Une petite statue de la Vierge à l’Enfant, posée sur un socle accroché au mur (côté gauche) du chevet, peut être datée (d’après son style) des années 1360-1380. Elle est en pierre calcaire (et non en albâtre comme on le croyait, et comme l’indiquait la fiche du Ministère de la Culture dans sa base de données Palissy).
La Vierge porte l’Enfant sur le bras gauche, et, pour garder l’équilibre, reporte son poids sur sa jambe droite, montrant un léger déhanchement qu’a bien rendu le sculpteur. La robe, serrée à la taille par une simple lanière, est en partie cachée par le long voile drapé autour de la Vierge.
Le visage est fin, avec un front haut et dégagé (ce qui correspond à la mode féminine de la fin du XIVe siècle), mais quelques boucles de cheveux sortent du voile, sous la couronne qui repose sur le haut de la tête. Cette couronne, assez haute sur l’avant, porte encore quelques cabochons de pâte de verre de couleur.

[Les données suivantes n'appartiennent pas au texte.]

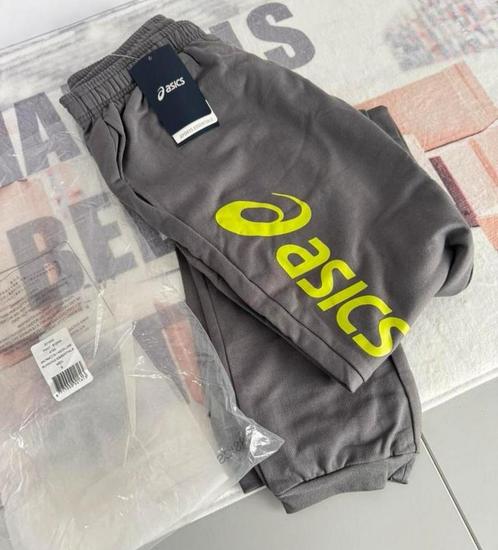 ASICS Big Logo Joggingbroek joggingsbroek S nieuw grijs Mens, Kleding | Heren, Sportkleding, Nieuw, Maat 46 (S) of kleiner, Grijs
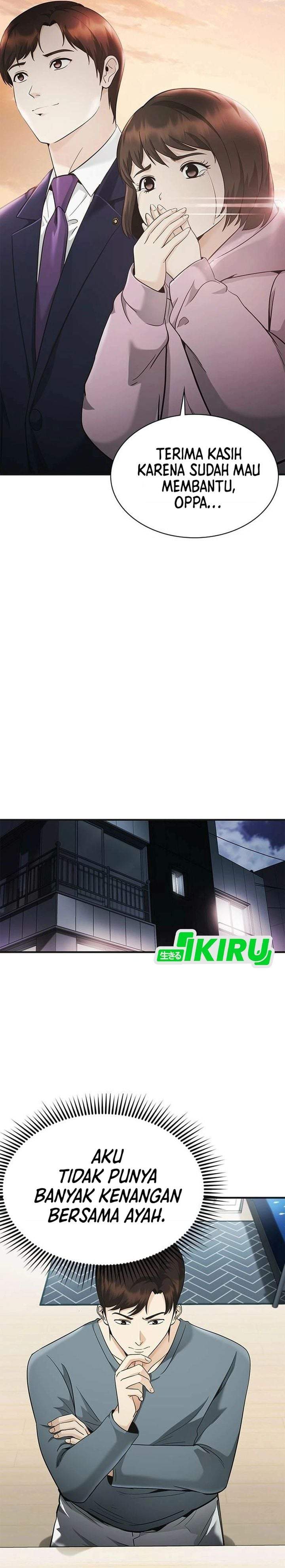 The Lawyer Who Sees Spirits Chapter 9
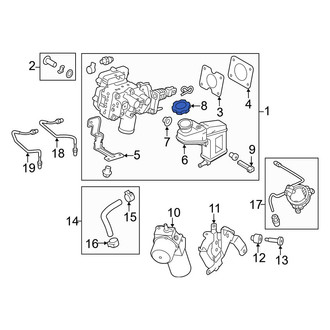 Kia OE - Brake Master Cylinder Reservoir Cap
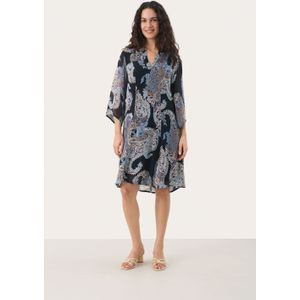 Jurk Regular fit navy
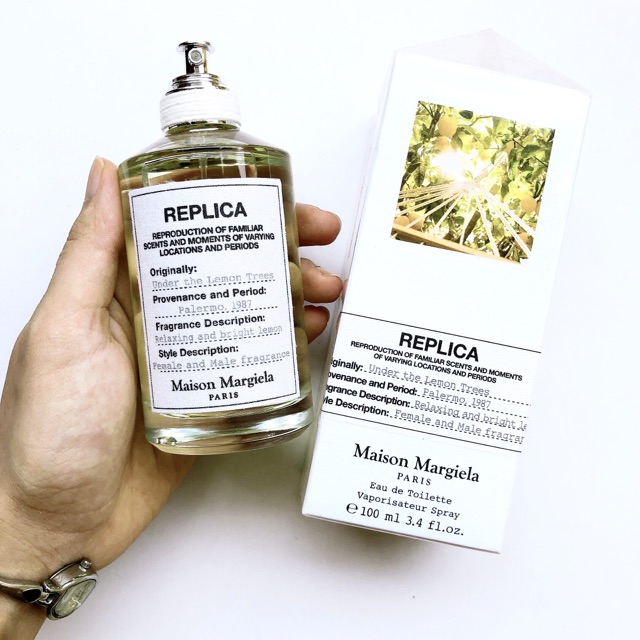 Nước hoa unisex tươi mát Under the lemon tree EDT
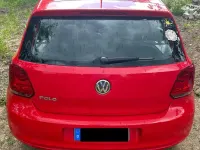 Gebraucht VW Polo Trendline 69 PS (50 kW) 2010 Rot Kleinwagen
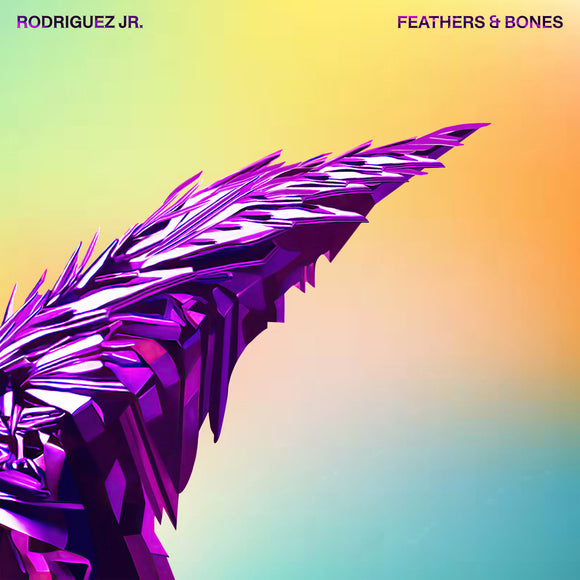 RODRIGUEZ JR. - Feathers & Bones (2LP,GF, Blue Curacao COL VINYL)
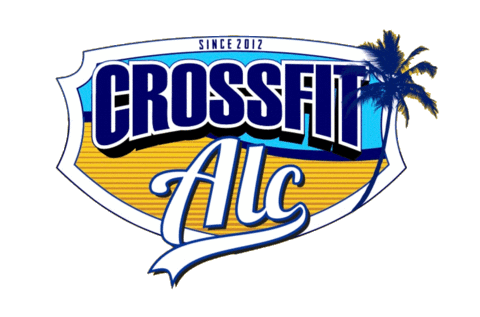 Crossfit Sticker by CF Playa San Juan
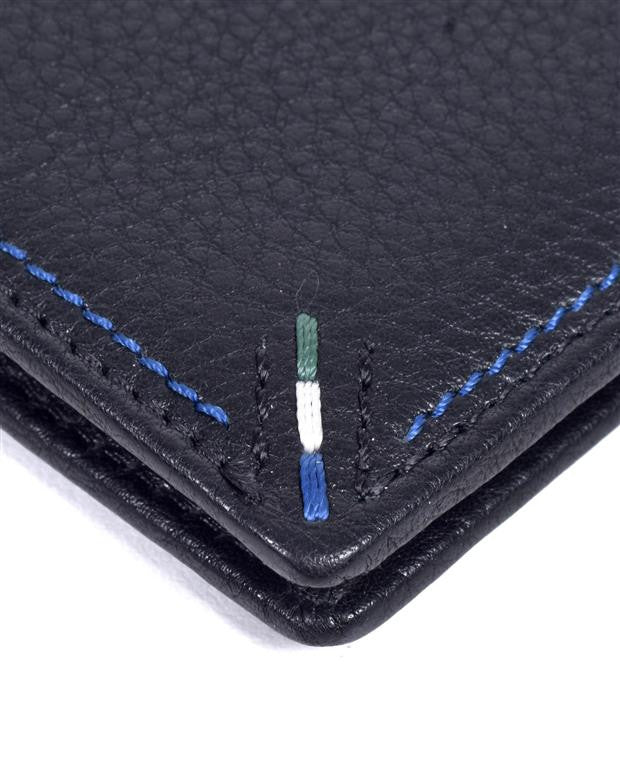 Brown Tri Fold Card Holder Wallet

L’Enfant, vêtu d’une courte robe à longues manches, tend les mains vers le sein gauche de sa mère, mais leurs regards ne se croisent pas. À quoi pense la Vierge ? Elle est douce, elle semble sereine, mais elle ne sourit pas vraiment, perdue dans ses pensées peut-être…
La statue porte des traces de polychromie, qui attestent de couleurs vives : la robe de la Vierge était rouge, sous un ample manteau bleu et un voile ocre bordé de vert, le diadème doré et les cabochons de couleurs diverses. Le vêtement de l’Enfant était aussi coloré, mais les couleurs sont plus difficiles à reconnaître.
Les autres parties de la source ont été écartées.